What the task asks — Starting at the first line and ending at the last, reproduce the records below exactly.

──────── Recorded information

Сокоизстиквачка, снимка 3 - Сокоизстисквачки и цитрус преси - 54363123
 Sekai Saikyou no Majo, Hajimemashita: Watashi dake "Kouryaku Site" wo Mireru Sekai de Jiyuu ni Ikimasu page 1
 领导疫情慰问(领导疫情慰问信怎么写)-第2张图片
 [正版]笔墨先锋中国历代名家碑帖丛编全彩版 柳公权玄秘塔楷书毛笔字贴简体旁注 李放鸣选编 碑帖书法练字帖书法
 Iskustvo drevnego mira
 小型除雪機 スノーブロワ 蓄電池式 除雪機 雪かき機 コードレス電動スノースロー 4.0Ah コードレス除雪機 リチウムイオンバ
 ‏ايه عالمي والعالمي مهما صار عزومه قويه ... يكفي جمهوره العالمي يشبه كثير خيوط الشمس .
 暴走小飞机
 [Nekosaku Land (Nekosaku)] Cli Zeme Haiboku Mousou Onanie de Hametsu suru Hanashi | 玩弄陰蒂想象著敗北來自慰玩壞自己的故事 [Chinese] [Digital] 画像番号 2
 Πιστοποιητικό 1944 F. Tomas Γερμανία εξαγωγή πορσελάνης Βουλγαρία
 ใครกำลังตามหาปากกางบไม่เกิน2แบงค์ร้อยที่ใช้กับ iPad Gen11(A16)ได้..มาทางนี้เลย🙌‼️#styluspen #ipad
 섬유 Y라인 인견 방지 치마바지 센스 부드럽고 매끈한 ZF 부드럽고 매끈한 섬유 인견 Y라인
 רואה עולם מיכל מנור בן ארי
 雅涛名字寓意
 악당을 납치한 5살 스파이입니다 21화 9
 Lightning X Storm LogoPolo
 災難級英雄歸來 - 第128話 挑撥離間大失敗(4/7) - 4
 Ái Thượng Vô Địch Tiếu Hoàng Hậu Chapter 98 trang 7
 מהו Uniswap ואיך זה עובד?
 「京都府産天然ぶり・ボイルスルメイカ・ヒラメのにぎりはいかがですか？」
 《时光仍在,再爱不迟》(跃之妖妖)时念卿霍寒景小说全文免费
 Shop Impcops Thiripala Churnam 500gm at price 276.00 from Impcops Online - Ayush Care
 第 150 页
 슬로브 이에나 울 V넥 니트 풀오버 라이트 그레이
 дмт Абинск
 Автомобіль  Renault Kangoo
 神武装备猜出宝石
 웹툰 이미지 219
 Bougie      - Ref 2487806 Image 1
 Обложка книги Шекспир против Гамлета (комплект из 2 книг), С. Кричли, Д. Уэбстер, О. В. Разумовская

────────────────

Finished task —
Сокоизстиквачка, снимка 3 - Сокоизстисквачки и цитрус преси - 54363123
 Sekai Saikyou no Majo, Hajimemashita: Watashi dake "Kouryaku Site" wo Mireru Sekai de Jiyuu ni Ikimasu page 1
 领导疫情慰问(领导疫情慰问信怎么写)-第2张图片
 [正版]笔墨先锋中国历代名家碑帖丛编全彩版 柳公权玄秘塔楷书毛笔字贴简体旁注 李放鸣选编 碑帖书法练字帖书法
 Iskustvo drevnego mira
 小型除雪機 スノーブロワ 蓄電池式 除雪機 雪かき機 コードレス電動スノースロー 4.0Ah コードレス除雪機 リチウムイオンバ
 ‏ايه عالمي والعالمي مهما صار عزومه قويه ... يكفي جمهوره العالمي يشبه كثير خيوط الشمس .
 暴走小飞机
 [Nekosaku Land (Nekosaku)] Cli Zeme Haiboku Mousou Onanie de Hametsu suru Hanashi | 玩弄陰蒂想象著敗北來自慰玩壞自己的故事 [Chinese] [Digital] 画像番号 2
 Πιστοποιητικό 1944 F. Tomas Γερμανία εξαγωγή πορσελάνης Βουλγαρία
 ใครกำลังตามหาปากกางบไม่เกิน2แบงค์ร้อยที่ใช้กับ iPad Gen11(A16)ได้..มาทางนี้เลย🙌‼️#styluspen #ipad
 섬유 Y라인 인견 방지 치마바지 센스 부드럽고 매끈한 ZF 부드럽고 매끈한 섬유 인견 Y라인
 רואה עולם מיכל מנור בן ארי
 雅涛名字寓意
 악당을 납치한 5살 스파이입니다 21화 9
 Lightning X Storm LogoPolo
 災難級英雄歸來 - 第128話 挑撥離間大失敗(4/7) - 4
 Ái Thượng Vô Địch Tiếu Hoàng Hậu Chapter 98 trang 7
 מהו Uniswap ואיך זה עובד?
 「京都府産天然ぶり・ボイルスルメイカ・ヒラメのにぎりはいかがですか？」
 《时光仍在,再爱不迟》(跃之妖妖)时念卿霍寒景小说全文免费
 Shop Impcops Thiripala Churnam 500gm at price 276.00 from Impcops Online - Ayush Care
 第 150 页
 슬로브 이에나 울 V넥 니트 풀오버 라이트 그레이
 дмт Абинск
 Автомобіль  Renault Kangoo
 神武装备猜出宝石
 웹툰 이미지 219
 Bougie      - Ref 2487806 Image 1
 Обложка книги Шекспир против Гамлета (комплект из 2 книг), С. Кричли, Д. Уэбстер, О. В. Разумовская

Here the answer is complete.